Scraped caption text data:
========================

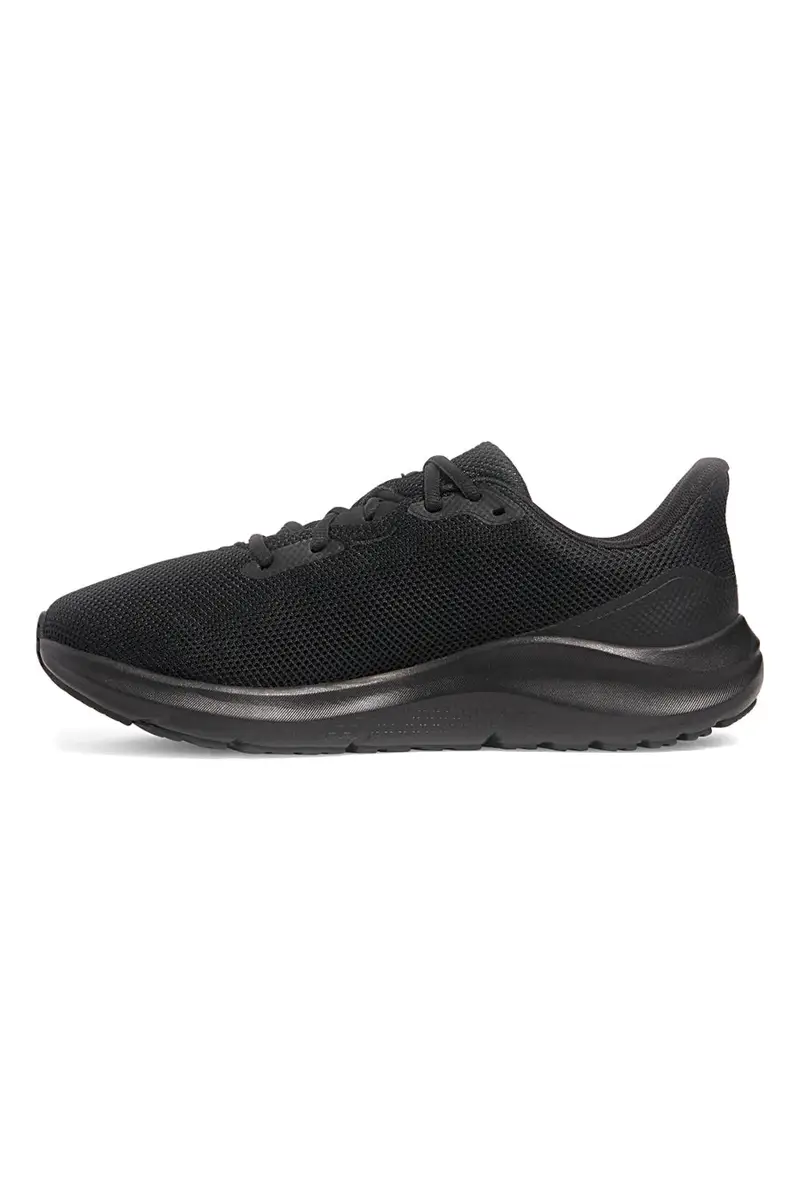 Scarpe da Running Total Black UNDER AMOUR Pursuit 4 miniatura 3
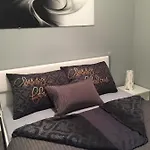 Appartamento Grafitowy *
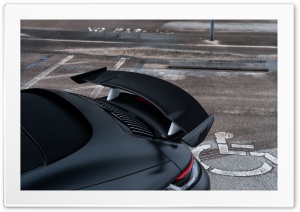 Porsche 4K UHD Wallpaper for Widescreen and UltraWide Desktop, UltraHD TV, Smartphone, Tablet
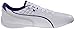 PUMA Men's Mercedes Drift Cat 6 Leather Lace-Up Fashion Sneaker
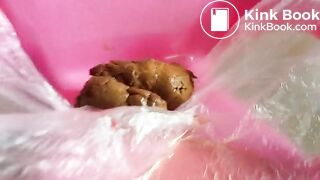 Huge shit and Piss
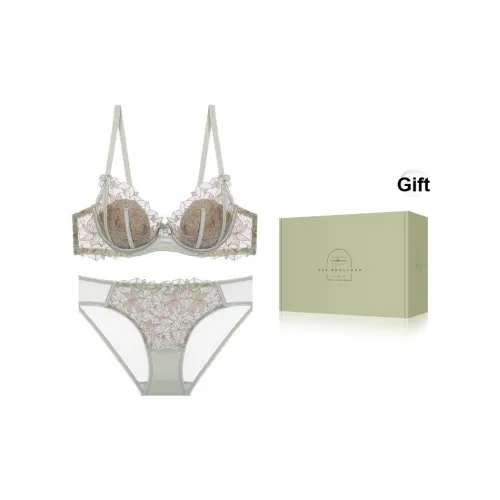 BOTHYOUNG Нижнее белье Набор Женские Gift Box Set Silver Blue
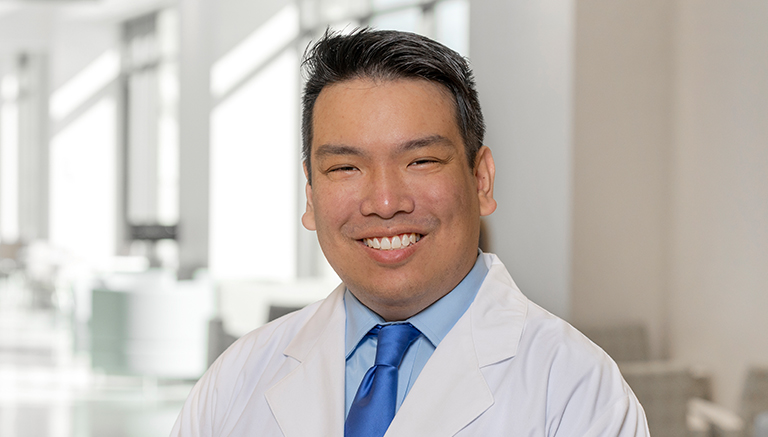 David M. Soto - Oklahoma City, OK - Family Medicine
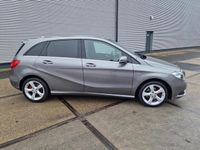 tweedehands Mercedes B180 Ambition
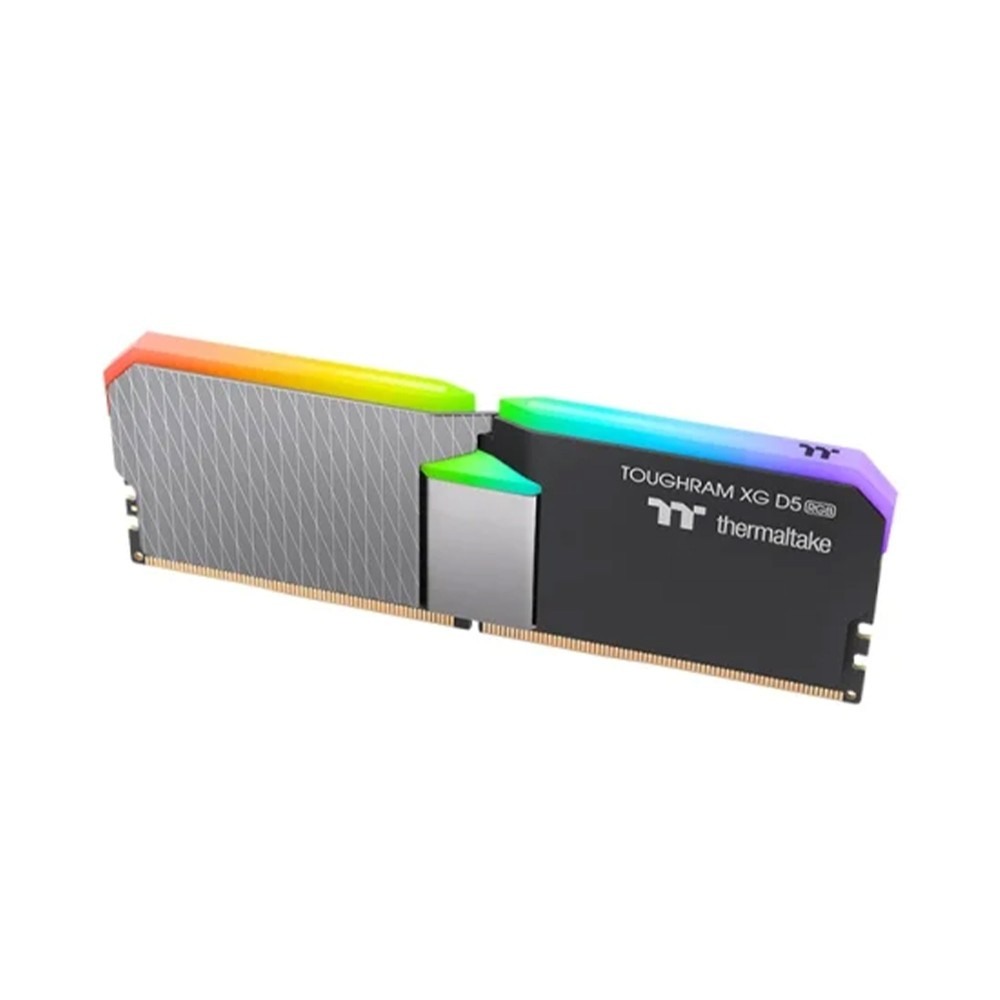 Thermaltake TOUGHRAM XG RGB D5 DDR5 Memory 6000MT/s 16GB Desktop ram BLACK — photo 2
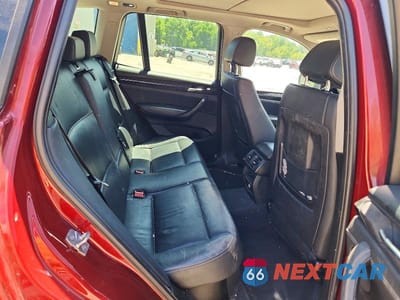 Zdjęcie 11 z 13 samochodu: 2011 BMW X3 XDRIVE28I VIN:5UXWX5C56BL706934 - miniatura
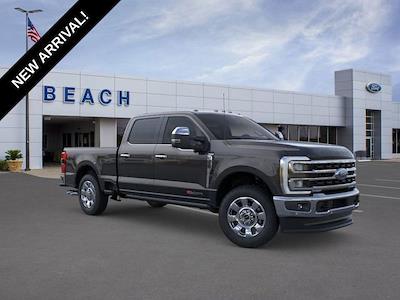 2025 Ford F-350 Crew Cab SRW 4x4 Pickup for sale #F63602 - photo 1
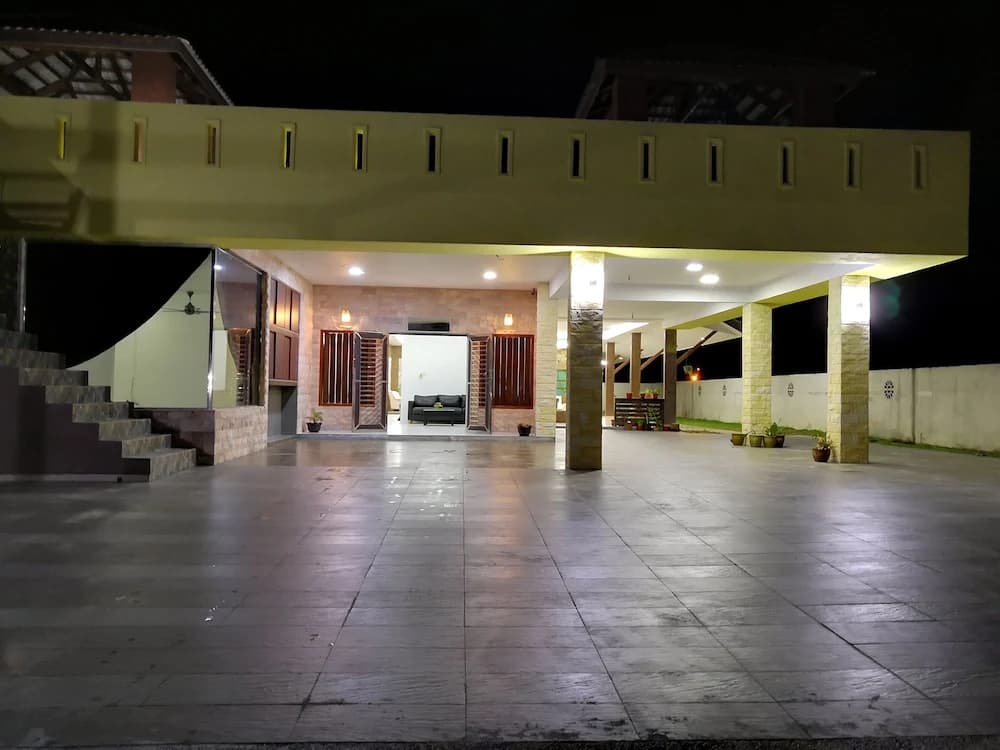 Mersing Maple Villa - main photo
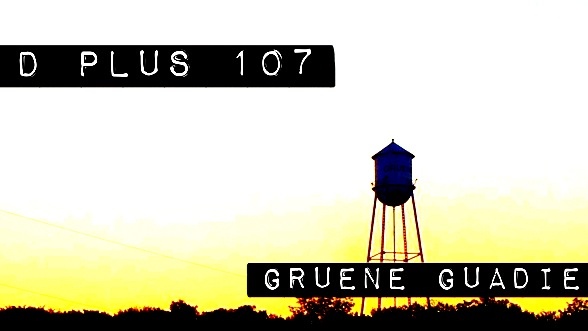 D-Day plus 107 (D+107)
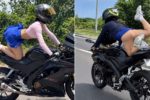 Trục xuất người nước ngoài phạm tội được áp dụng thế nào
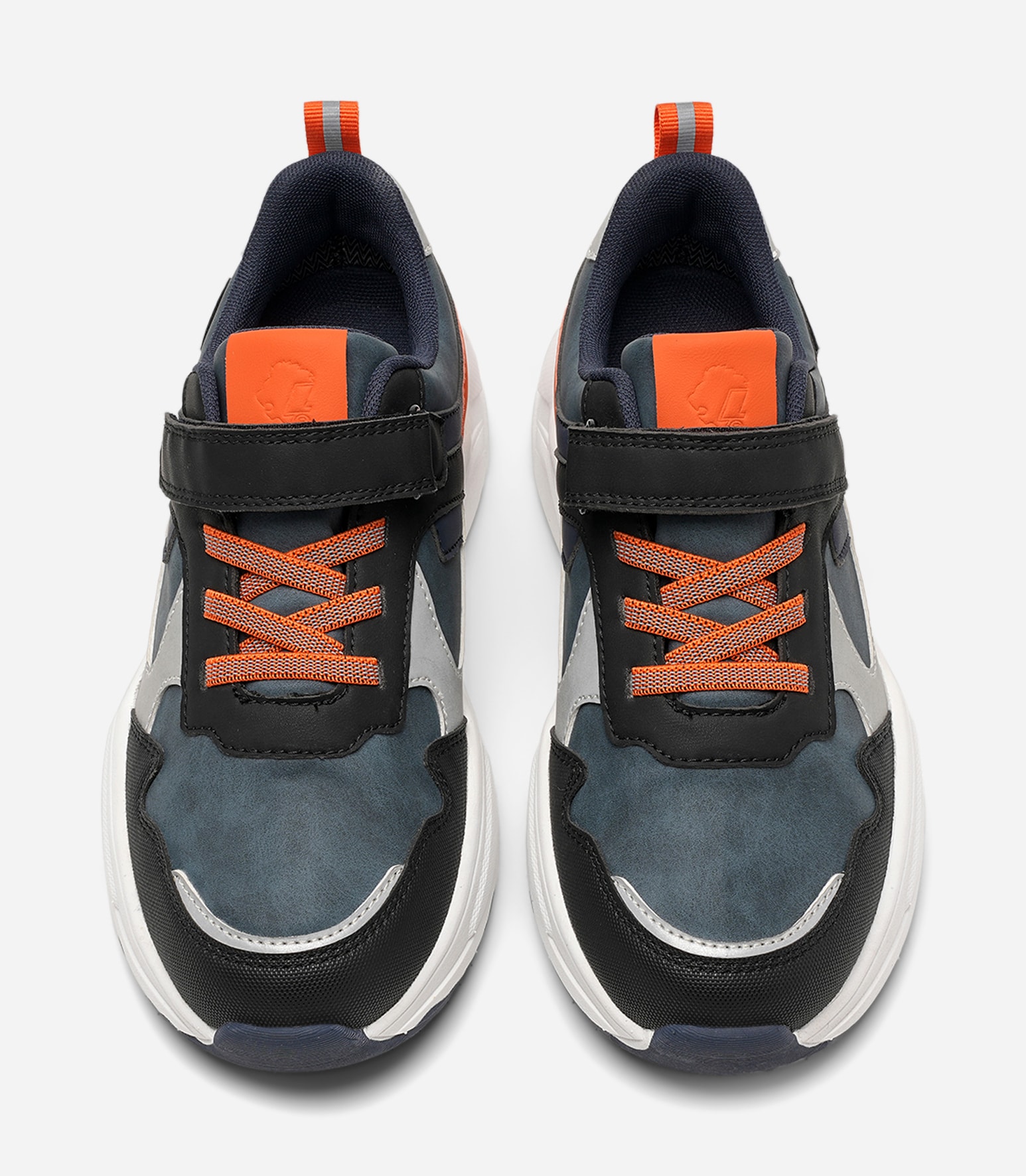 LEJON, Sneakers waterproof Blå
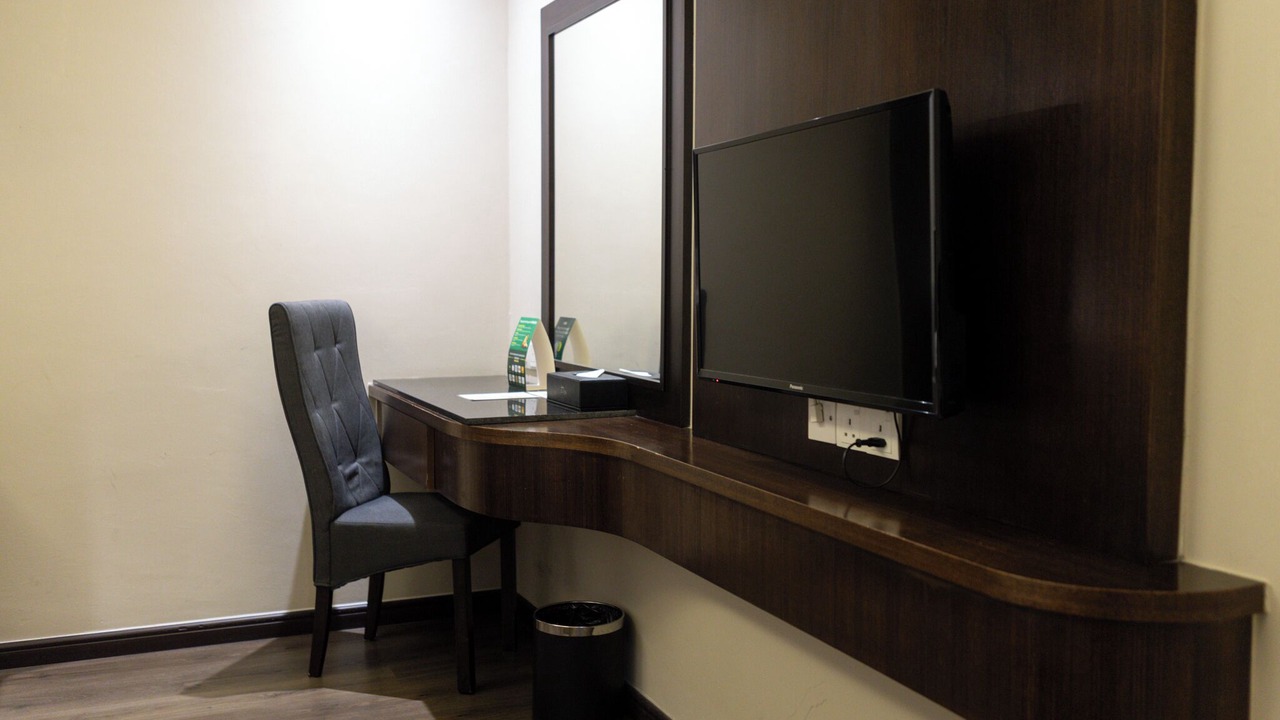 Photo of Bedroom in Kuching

========================

→ **What you should do**
What's needed is an exact retyping of the records, pictures excluded.

→ **Expected answer**
 Scarpe da Running Total Black UNDER AMOUR Pursuit 4 miniatura 3
 Appartamento Grafitowy *
 Porsche 4K UHD Wallpaper for Widescreen and UltraWide Desktop, UltraHD TV, Smartphone, Tablet
 PUMA Men's Mercedes Drift Cat 6 Leather Lace-Up Fashion Sneaker
 Huge shit and Piss
 BOTHYOUNG Нижнее белье Набор Женские Gift Box Set Silver Blue
 David M. Soto - Oklahoma City, OK - Family Medicine
 tweedehands Mercedes B180 Ambition
 Thermaltake TOUGHRAM XG RGB D5 DDR5 Memory 6000MT/s 16GB Desktop ram BLACK — photo 2
 Zdjęcie 11 z 13 samochodu: 2011 BMW X3 XDRIVE28I VIN:5UXWX5C56BL706934 - miniatura
 2025 Ford F-350 Crew Cab SRW 4x4 Pickup for sale #F63602 - photo 1
 Mersing Maple Villa - main photo
 D-Day plus 107 (D+107)
 Trục xuất người nước ngoài phạm tội được áp dụng thế nào
 LEJON, Sneakers waterproof Blå
 Photo of Bedroom in Kuching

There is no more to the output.